GIVEN RECORDS:
^^^^^^^^^^^^^^^^
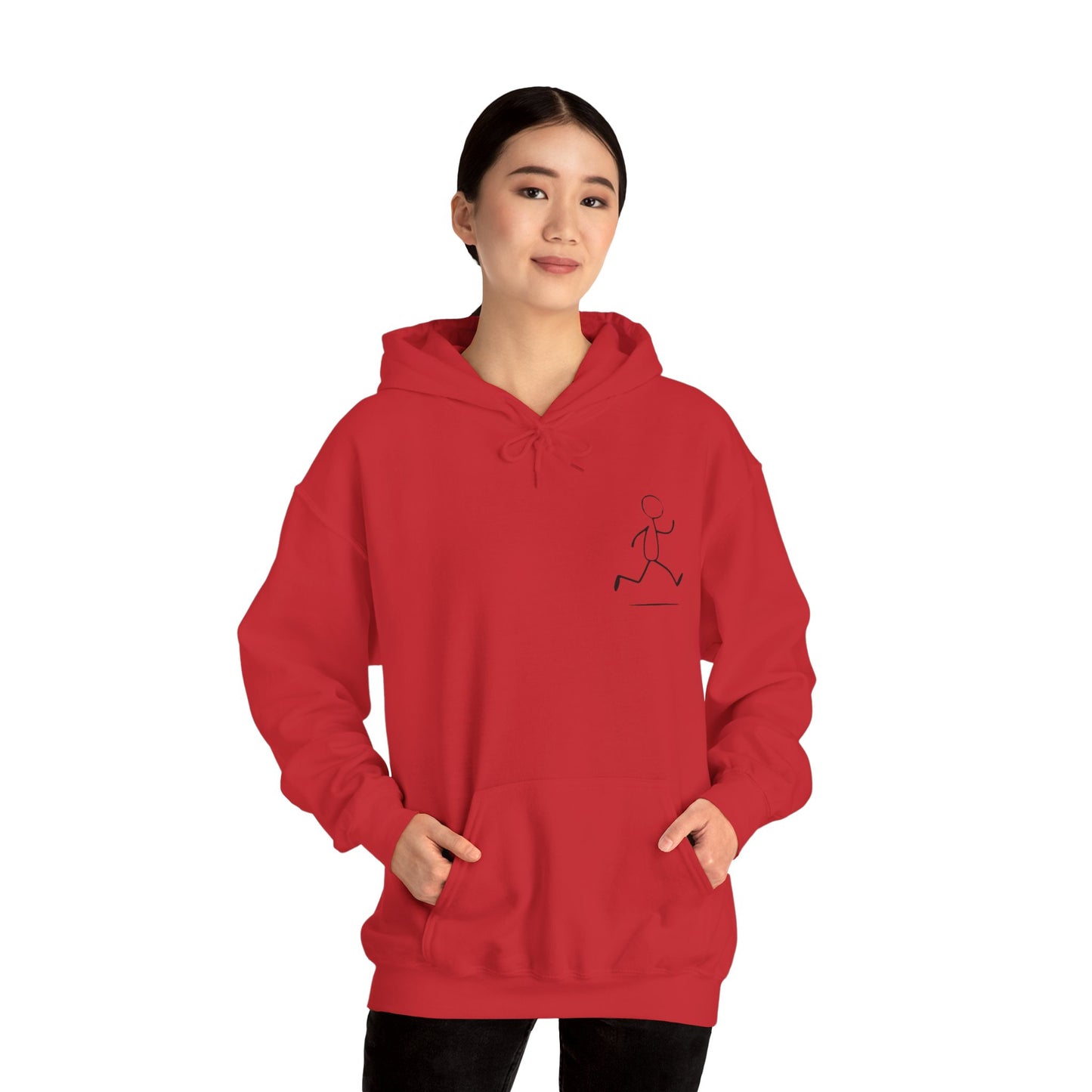 faceless runner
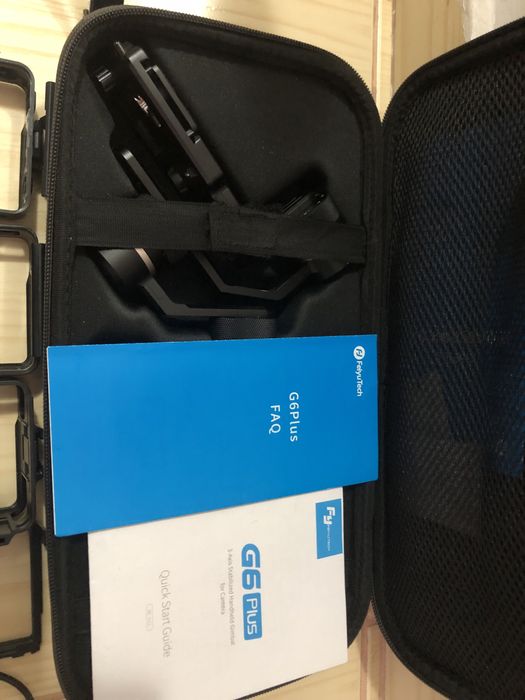 Dji Osmo Action -camera actiune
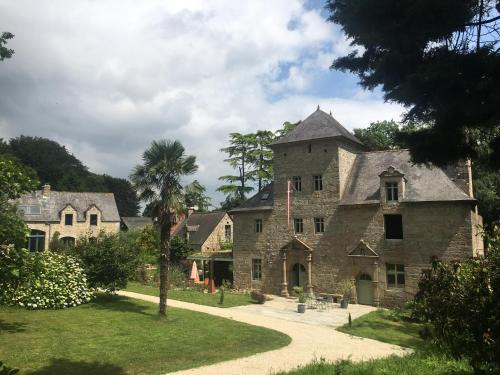 Le Vieux-Marche House | Manoir de Goaz Froment trois Gîtes de charme 3 étoiles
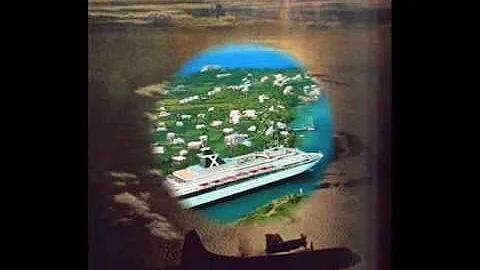 Bermuda Is Another World By Hubert Smith (Original...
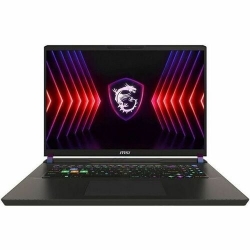 MSI Vector 16 HX A14V Vector 16 HX A14VHG-687AU 16" Gaming Notebook - QHD+ - Intel Core i7 14th Gen i7-14650HX - 32 GB - 1 TB SSD - Cosmos Gray - Intel HM770 Chip - 2560 x 1600 - Windows 11 Home - NVIDIA GeForce RTX 4080 with 12 GB - In-plane Switching (
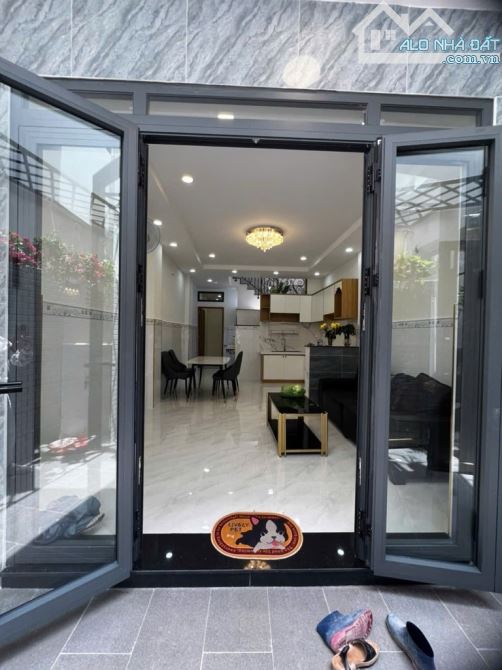 BÁN NHÀ NỞ HẬU • KHU VIP TRUNG TÂM TÂN BÌNH • 63M2 • 2 TẦNG 4PN • Ở NGAY
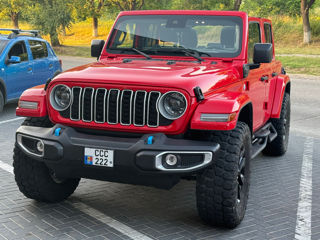 Jeep Wrangler, 2024 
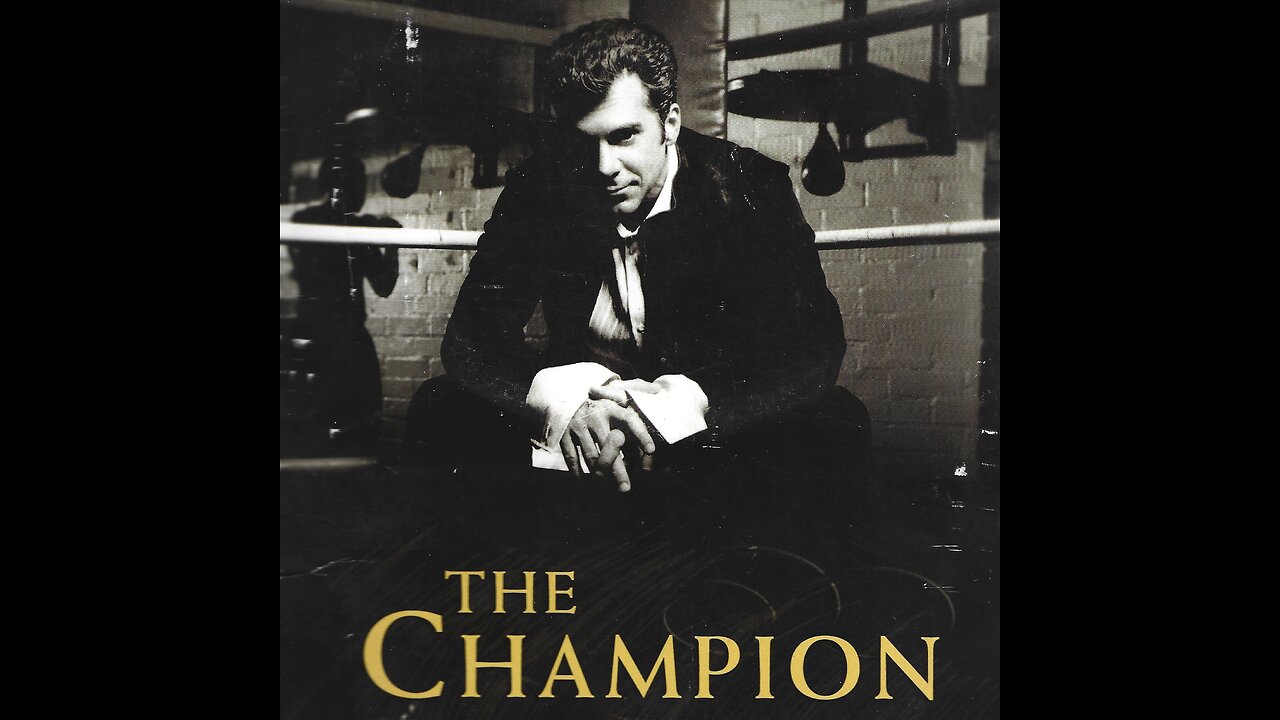 Carman: The Champion Audiobook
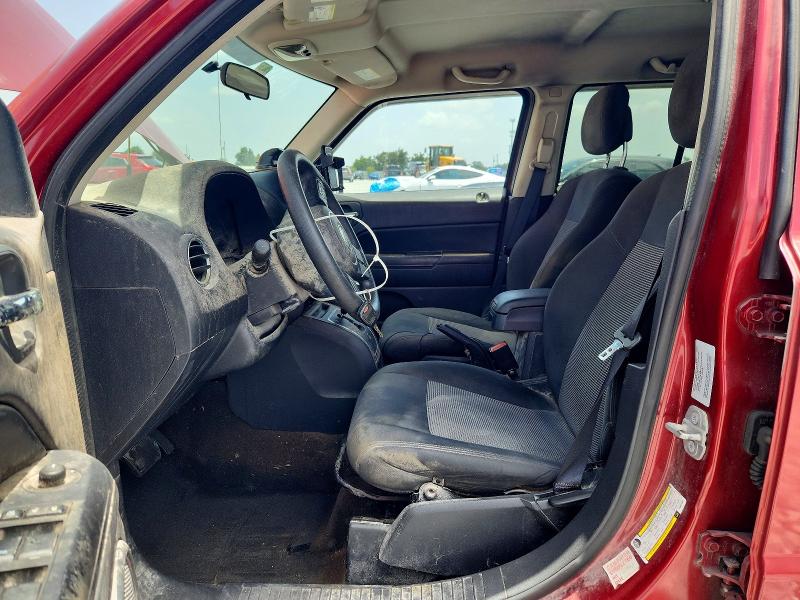Продажа на аукционе авто 2015 Jeep Patriot, vin: 1C4NJRBB6FD257008, номер лота: 60519176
^^^^^^^^^^^^^^^^
WORK REQUIRED: Could every line above be set down exactly, with the pictures omitted?

RESULT:
 faceless runner
 Dji Osmo Action -camera actiune
 Le Vieux-Marche House | Manoir de Goaz Froment trois Gîtes de charme 3 étoiles
 Bermuda Is Another World By Hubert Smith (Original...
 MSI Vector 16 HX A14V Vector 16 HX A14VHG-687AU 16" Gaming Notebook - QHD+ - Intel Core i7 14th Gen i7-14650HX - 32 GB - 1 TB SSD - Cosmos Gray - Intel HM770 Chip - 2560 x 1600 - Windows 11 Home - NVIDIA GeForce RTX 4080 with 12 GB - In-plane Switching (
 BÁN NHÀ NỞ HẬU • KHU VIP TRUNG TÂM TÂN BÌNH • 63M2 • 2 TẦNG 4PN • Ở NGAY
 Jeep Wrangler, 2024 
 Carman: The Champion Audiobook
Продажа на аукционе авто 2015 Jeep Patriot, vin: 1C4NJRBB6FD257008, номер лота: 60519176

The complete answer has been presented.